Diskussion und Fazit

Nach Meinung der Autoren gibt es viele Kliniken, die Untersuchungen bei Säuglingen und Kleinkindern durchführen. In der Literatur finden sich hier zu wenige Daten, so dass es insgesamt eine zu geringe Diskussion über das Verfahren und die Ergebnisse der pädiatrischen Dysphagiologie gibt. Insbesondere die phoniatrische Beteiligung in diesem Bereich ist wenig ausgeprägt. Die Schluckdiagnostik in der Pädiatrie ist kein Novum. Phoniatrisch und hals-nasen-ohrenärztliche Fachkenntnisse sind in der pädiatrischen Dysphagiologie aber unabdingbar. Die Autoren möchten mit ihrem Vortrag, anhand ihrer etablierten Verfahren und der Ergebnisse, zu diesem Thema eine kontroverse Diskussion anregen um die pädiatrische Dysphagiediagnostik in der Phoniatrie weiter voranzubringen. Wichtig ist eine korrekte Darstellung einer möglicherwiese zugrunde liegenden Erkrankung. Aus Sicht der Autoren ist die Untersuchung nach einer entsprechenden Aufklärung und Einbeziehung der Eltern gut durchführbar.

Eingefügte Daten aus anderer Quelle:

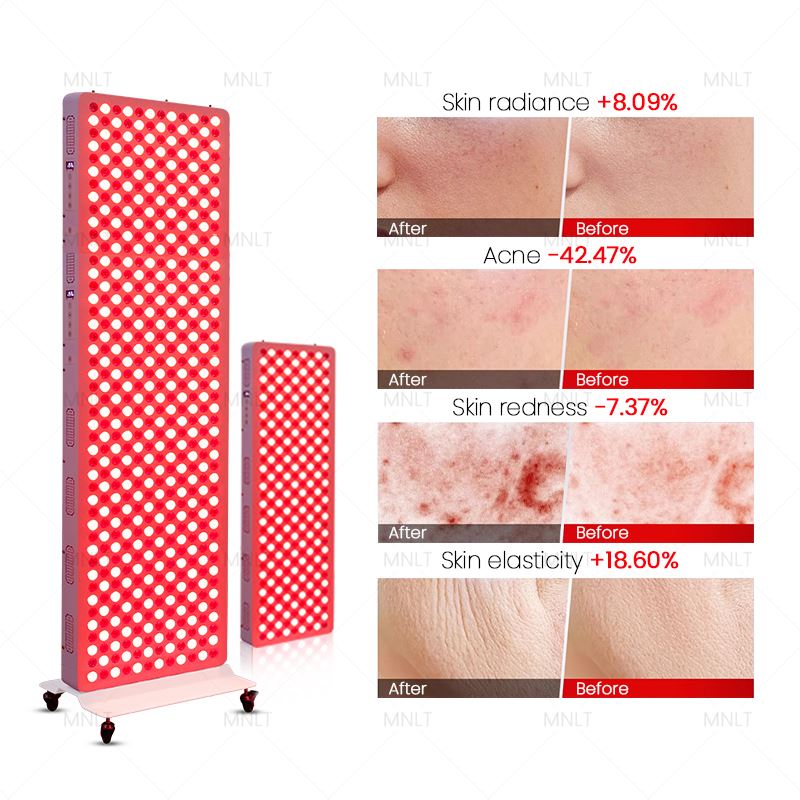 Red Light Beauty oprema - Profesionalna ploča za reljefnu terapiju protiv starenja i boli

Nach erfolgreicher, durch die FESU angepasster Therapie, konnten inzwischen alle Kinder voll oralisiert werden.


Literatur

1.
Arens C, Herrmann IF, Rohrbach S, Schwemmle C, Nawka T. Position paper of the German Society of Oto-Rhino-Laryngology, Head and Neck Surgery and the German Society of Phoniatrics and Pediatric Audiology - Current state of clinical and endoscopic diagnostics, evaluation, and therapy of swallowing disorders in children. GMS Curr Top Otorhinolaryngol Head Neck Surg. 2015;14:Doc02. DOI: 10.3205/cto000117 Externer Link
2.
Langmore SE, Schatz K, Olsen N. Fiberoptic endoscopic examination of swallowing safety: a new procedure. Dysphagia. 1988;2(4):216-9.